■ DIRECTIONS ■
Would you return every entry below without a single difference?

■ DATA FOR REVIEW ■

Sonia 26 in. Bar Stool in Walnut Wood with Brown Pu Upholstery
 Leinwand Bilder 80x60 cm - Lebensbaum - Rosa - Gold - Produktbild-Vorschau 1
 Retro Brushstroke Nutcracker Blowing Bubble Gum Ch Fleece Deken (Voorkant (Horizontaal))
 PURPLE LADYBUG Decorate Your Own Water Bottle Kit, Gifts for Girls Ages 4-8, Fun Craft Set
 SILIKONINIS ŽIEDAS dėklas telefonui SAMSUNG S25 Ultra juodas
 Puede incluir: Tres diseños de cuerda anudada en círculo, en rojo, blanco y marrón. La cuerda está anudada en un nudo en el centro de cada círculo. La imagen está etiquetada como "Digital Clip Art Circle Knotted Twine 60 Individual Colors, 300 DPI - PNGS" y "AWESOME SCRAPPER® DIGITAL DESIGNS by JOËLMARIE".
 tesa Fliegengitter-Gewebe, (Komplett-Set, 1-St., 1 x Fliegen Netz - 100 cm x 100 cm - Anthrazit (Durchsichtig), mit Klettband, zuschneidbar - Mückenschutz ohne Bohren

■ FINISHED TASK ■
Sonia 26 in. Bar Stool in Walnut Wood with Brown Pu Upholstery
 Leinwand Bilder 80x60 cm - Lebensbaum - Rosa - Gold - Produktbild-Vorschau 1
 Retro Brushstroke Nutcracker Blowing Bubble Gum Ch Fleece Deken (Voorkant (Horizontaal))
 PURPLE LADYBUG Decorate Your Own Water Bottle Kit, Gifts for Girls Ages 4-8, Fun Craft Set
 SILIKONINIS ŽIEDAS dėklas telefonui SAMSUNG S25 Ultra juodas
 Puede incluir: Tres diseños de cuerda anudada en círculo, en rojo, blanco y marrón. La cuerda está anudada en un nudo en el centro de cada círculo. La imagen está etiquetada como "Digital Clip Art Circle Knotted Twine 60 Individual Colors, 300 DPI - PNGS" y "AWESOME SCRAPPER® DIGITAL DESIGNS by JOËLMARIE".
 tesa Fliegengitter-Gewebe, (Komplett-Set, 1-St., 1 x Fliegen Netz - 100 cm x 100 cm - Anthrazit (Durchsichtig), mit Klettband, zuschneidbar - Mückenschutz ohne Bohren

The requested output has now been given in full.